[Recorded data Boundary: Start]
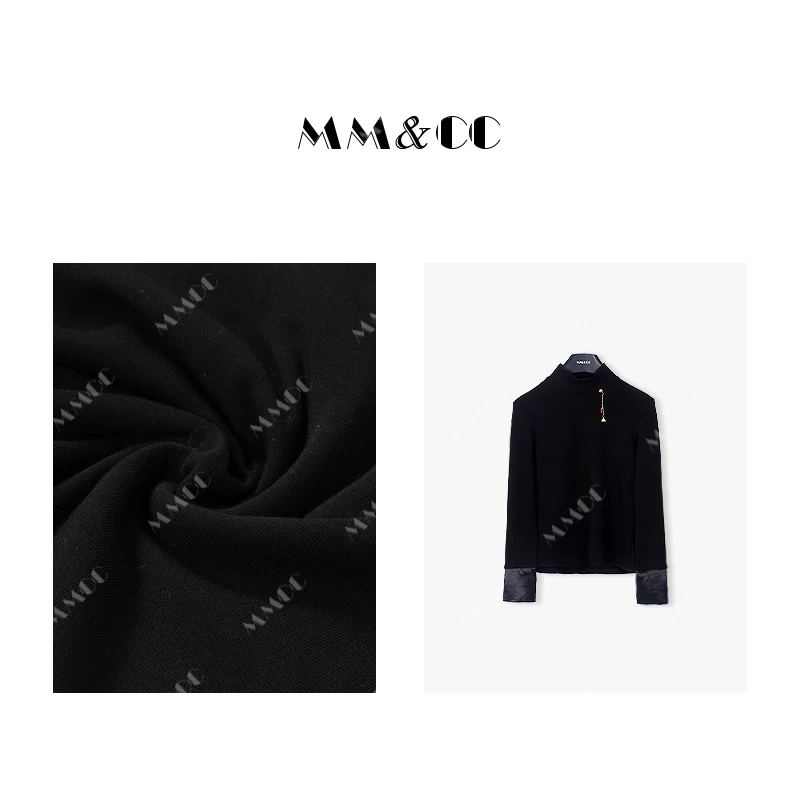 【染指】新中式国风黑色半高领时尚长袖秋冬衬衫女E7068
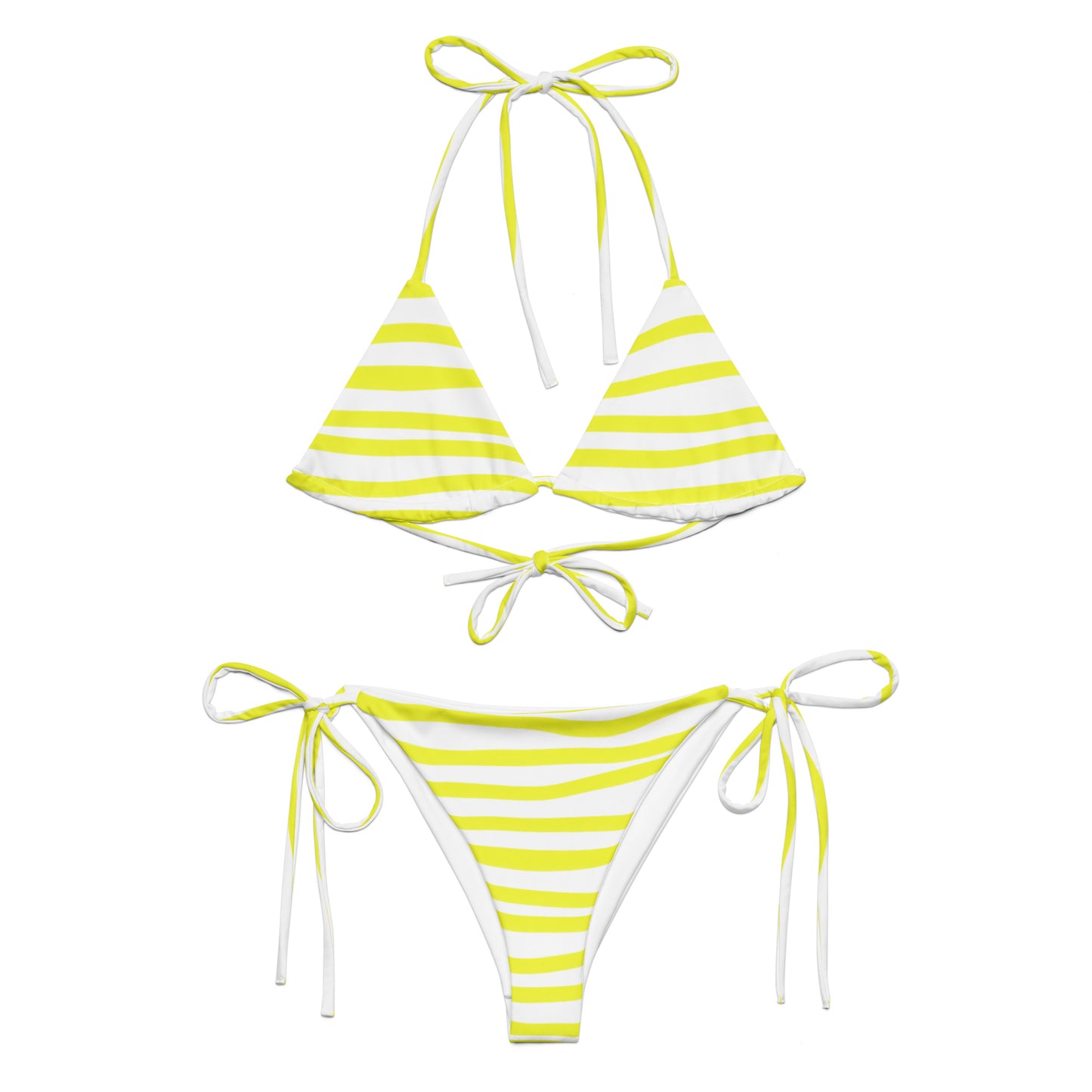 Yellow Stripe Two-Piece Bikini Set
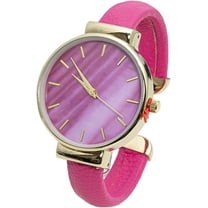 Blekon Collections Womens 36mm Elegant DIal Leather Bangle Watch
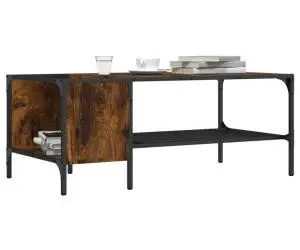 vidaXL Măsuță de cafea cu raft, stejar fumuriu, 100x51x40 cm, lemn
[Recorded data Boundary: End]
About this task
Return each line from the material above exactly, but not the pictures.

Solved exercise
 【染指】新中式国风黑色半高领时尚长袖秋冬衬衫女E7068
 Yellow Stripe Two-Piece Bikini Set
 Blekon Collections Womens 36mm Elegant DIal Leather Bangle Watch
 vidaXL Măsuță de cafea cu raft, stejar fumuriu, 100x51x40 cm, lemn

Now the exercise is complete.